Une manière de parler de la juste démesure de toute musique improvisée, se jouant par nature de l’équilibre et du déséquilibre, de la stabilité et de l’instabilité, serait d’invoquer un autre couplage : celui du révérencieux et de l’irrévérencieux. Car, passionnément ou sobrement, sobrement et passionnément, chacun des musiciens de ce quinzième et dernier ensemble de The Bridge à se mettre en branle, dans cette première génération, mobilise à sa manière les ressources de l’expressivité la plus débridée, voire d’une salubre théâtralité. On retiendra peut-être, anecdotiquement : de Didier Petit, qu’il est le premier violoncelliste au monde à avoir réellement joué de son instrument dans des conditions d’apesanteur, dans la stratosphère, après mille expériences tentées à la surface de la planète ; de Jason Stein, qu’il est l’un des rares improvisateurs à avoir allumé un feu de clarinette basse au Madison Square Garden, en première partie de l’une des comédiennes de stand-up les plus célèbres en Amérique du Nord, quand il ne vaque pas à des occupations plus underground ; d’Edward Perraud, batteur voltigeur et impertinent homme de spectacle, très doué pour se démultiplier, qu’il a lui-même su créer en France des dialogues inédits entre musique et parole proférée ; de Josh Berman, qui mène une double vie parfaitement équilibrée de cornettiste et de pédopsychologue, qu’il a réinventé à ses heures perdues la musique du Austin High School Gang. Pourtant, ne voilà pas tout. Leurs vies de musiciens ne se réduisent pas à quelques hauts faits.

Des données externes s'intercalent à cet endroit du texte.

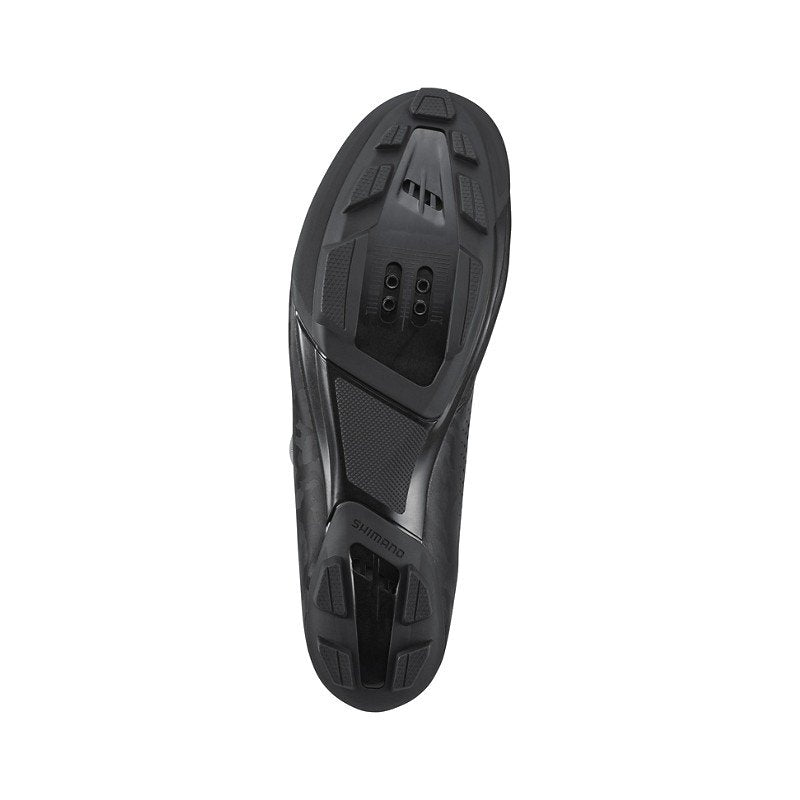 Chaussures Vélo Shimano RX600 Gravel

Il va falloir considérer ces quatre individualités, ensemble. Sachant que, ainsi que le dit Jason Stein, « Jouer dans un nouveau groupe, avec des musiciens que pour la plupart je ne connais pas, est pour moi l’un des grands plaisirs que peut offrir la musique d’improvisation. Quel que soit le pays, quelle que soit la culture d’où nous venons, la musique offre toujours de grandes possibilités de communication et de créativité. Je ne sais pas à quoi ressemblera ce groupe et le processus de construction de ce que sera « notre son » consistera autant à créer et à contribuer, qu’à découvrir et à laisser de la place pour que les choses se produisent. En tant qu’improvisateurs, nous avons tendance à cultiver sur nos instruments un langage personnel qui est à la fois spécifique et flexible, de sorte que nos voix peuvent se plier, se tordre et se détendre autour du langage des autres. » Ce que confirme pour sa part Didier Petit : « C’est toujours très excitant de jouer ensemble et de ne pas savoir ce que sera la musique. Je me préoccupe davantage de ce que sera le groupe en tant que groupe, que de chaque musicien, car je sais que chacun d’entre nous a sa propre musique. »

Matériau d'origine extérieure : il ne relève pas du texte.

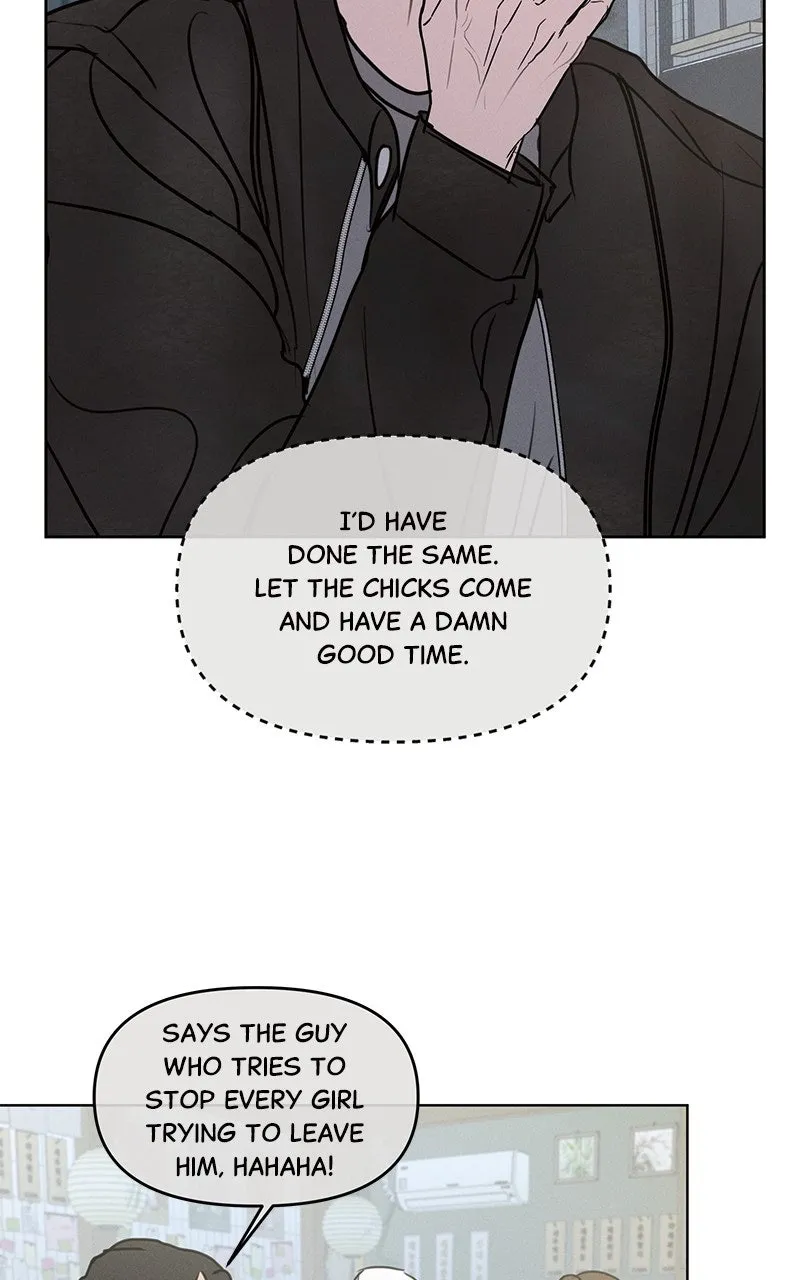 Falling For It Chapter 7 page 93 -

Le violoncelliste s’est même demandé : comment proposer une musique qui soit réellement de ce début de 21ème siècle ? Car celle du début du 20ème siècle, celle qui fut identifiée comme du “jazz”, a été immédiatement nouvelle et populaire, liée aux transformations d’une époque, produit de son temps : une collision heureuse entre les cultures, à l’heure de la seconde révolution industrielle, du développement des transports de masse, de la démocratisation des pratiques artistiques et instrumentales… Mais aujourd’hui, à l’ère de la mondialisation, dans ces temps post-modernes et gloutons, à quoi donc pourrait ressembler le “nouveau” ? C’est l’impossible question à laquelle ces quatre improvisateurs aux caractères marqués, tranchés et trempés, tenteront de répondre en jouant. Nul besoin de convenir de procédures de découpage et de collage, de négocier la persistance d’un discours apparemment tenu avec le droit à l’oubli inclus dans toute improvisation, de se confier des tâches et des multitâches… Jour, et se laisser porter plutôt par des questions peut-être sans réponses : comment ne pas abuser de soi-même, comment être multiple plutôt qu’unique ? Comment être durable à une époque étourdie et étourdissante ? Comment cultiver une intense petitesse à une époque bernée par la folie des grandeurs ? Quel rapport à la vitesse réinventer ? Comment ne pas contribuer à la destruction de la planète ? Aucun programme en vue. Seule la vigilance risquée du jeu et de l’invention.